ユーロドル日足チャート(ボリンジャーバンドと10日移動平均線)

先週の振り返り
WTI原油価格の下落が米ドルの重しとなり、静かな取引環境の中でユーロドルは小幅に上昇しました。

テクニカル分析
10日移動平均線はやや上向きに転じていますが、ボリンジャーバンドは縮小しており、短期的にはレンジ相場が続く可能性があります。

今週の見通し
現在のユーロドルには強いトレンドが見られないため、今週はレンジ取引を意識するのがよさそうです。

ナスダック

ナスダック指数日足チャート(ボリンジャーバンドと10日移動平均線)

先週の振り返り
AI関連株への期待感と好調な決算発表が続き、ナスダックは新たな最高値を更新しました。また、イランでの戦争が早期に終結するとの期待も、リスク選好を支える材料となりました。

テクニカル分析
上昇トレンドは非常に強く、週末には上限ボリンジャーバンドを上回って取引を終えました。
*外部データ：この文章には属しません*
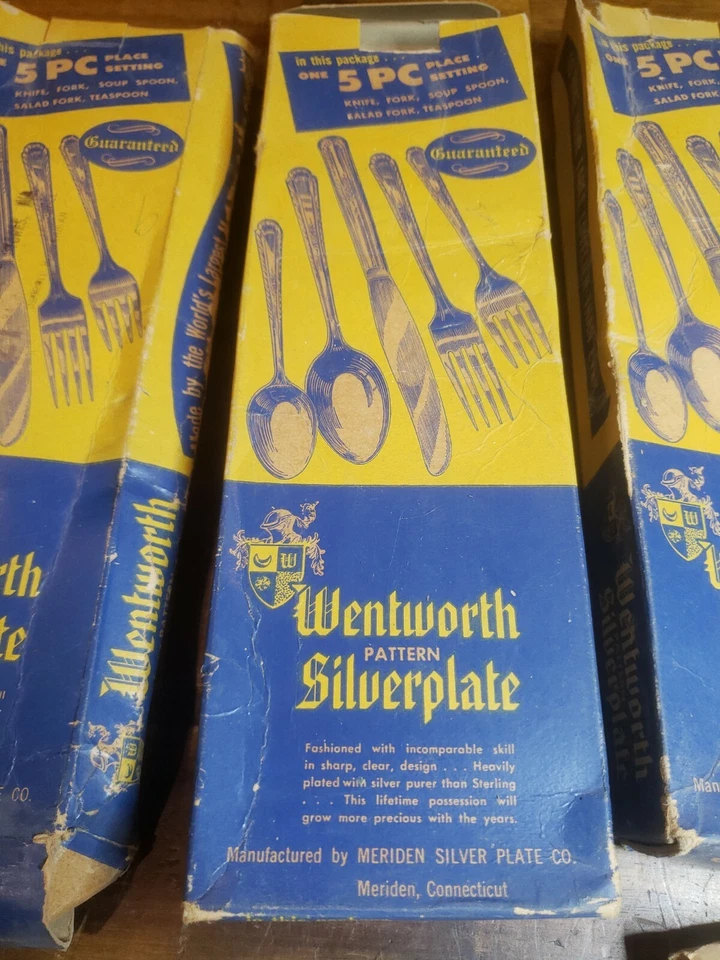 Paquete original de 25 piezas H&T MFG Holmes & Tuttle plateado cubiertos Wentworth  Foto 2 de 4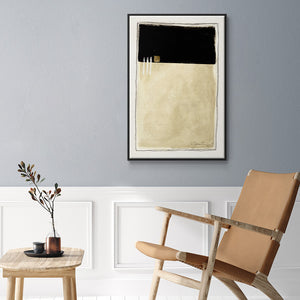 Inner Musing II - Framed Premium Gallery Wrapped Canvas L Frame - Ready to Hang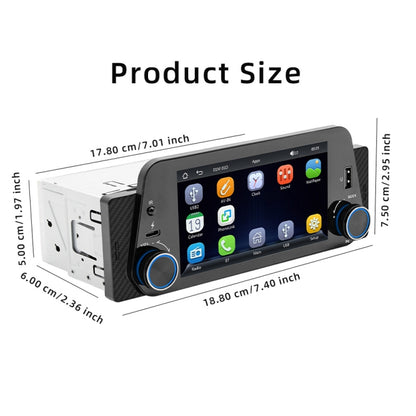 5-Inch Wireless MP5 Car Universal Bluetooth Hands-Free Radio(F152W) - Car MP3 & MP4 & MP5 by buy2fix | Online Shopping UK | buy2fix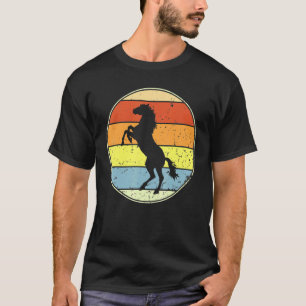 Antieke Paard Retro Paard Boerderij Dier Silhouet T-shirt
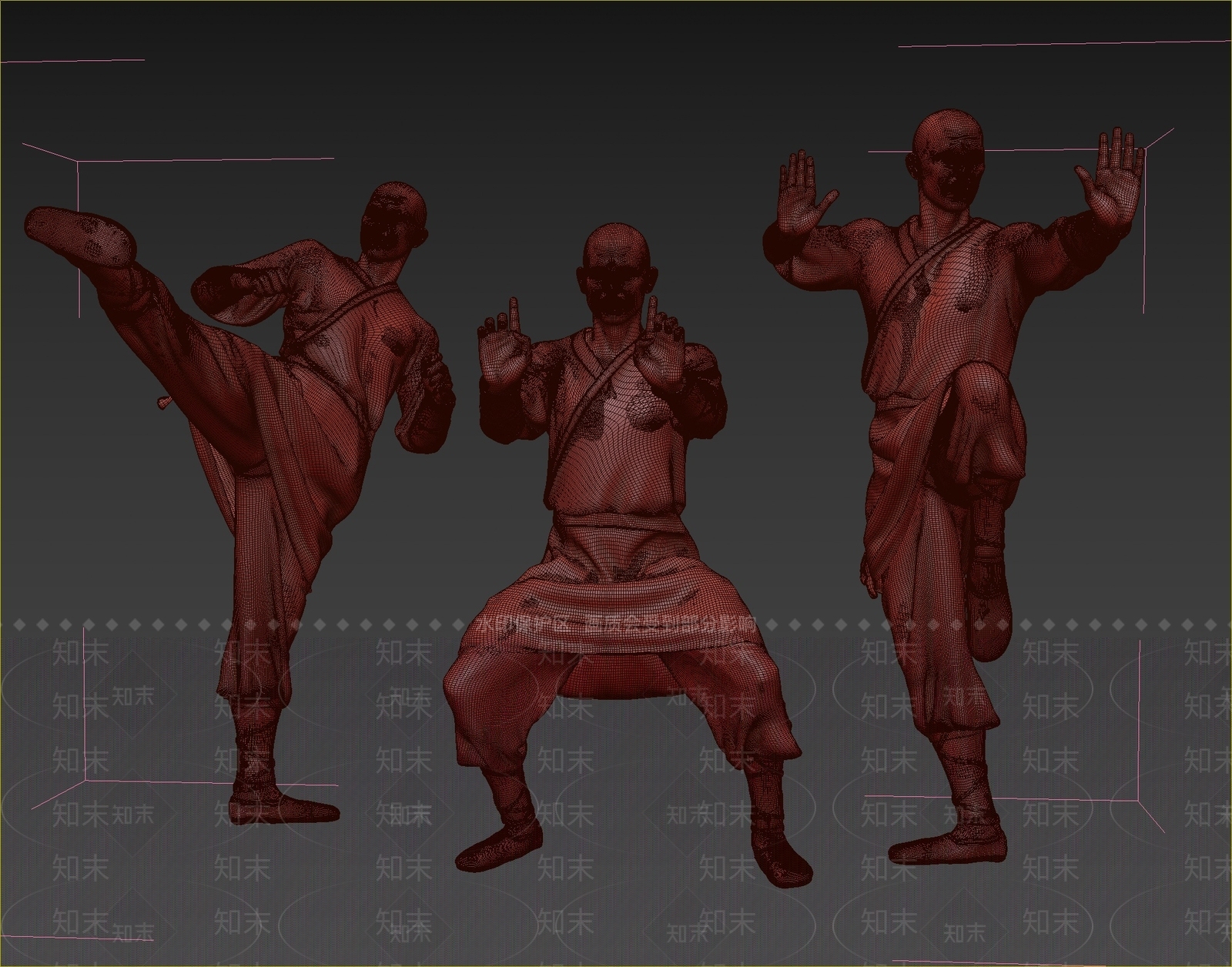 现代少林和尚3D模型下载【ID:1110965560】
ただし、10日移動平均線との乖離が大きく、短期的には買われ過ぎ感もあります。

今週の見通し
短期的には買われ過ぎに見えるため、短期トレーダーはネガティブなニュースや、価格が上限ボリンジャーバンドを下回る動きを待ってから、売りの機会を探すのがよさそうです。一方、中期トレーダーは10日移動平均線に近づく押し目を待つことで、より良い買い場を狙いやすくなるでしょう。

金 (ゴールド)

金日足チャート(ボリンジャーバンドと10日移動平均線)

先週の振り返り
WTI原油価格の下落を受けて米国の長期金利が低下し、金にとって追い風となったことで、金価格は直近の下落分を一部取り戻しました。

テクニカル分析
10日移動平均線は横ばいで推移しており、ボリンジャーバンドも縮小しています。短期的にはレンジ相場が続く可能性があります。

今週の見通し
先週の反発により直近の下落トレンドは崩れたため、今後数週間で長期トレーダーが買い手として戻ってくる可能性があります。ただし、短期的にはレンジ取引を意識するのがよさそうです。

今週の注目材料

今週は、米国のインフレ指標と小売売上高が市場の注目材料となります。トレーダーは、原油高が消費者需要や物価圧力にどの程度影響しているかを確認しようとしています。WTI原油は、米国とイランの交渉をめぐる動きに引き続き反応しやすい展開となりそうです。市場では、紛争終結に向けた進展への期待も続いています。株式市場は直近の上昇をさらに伸ばせるかが焦点となる一方、ドル円は日銀の介入が終わったのか、それとも157円付近で円安を抑える姿勢を続けるのかを試す展開となり、ボラティリティの高い動きが続く可能性があります。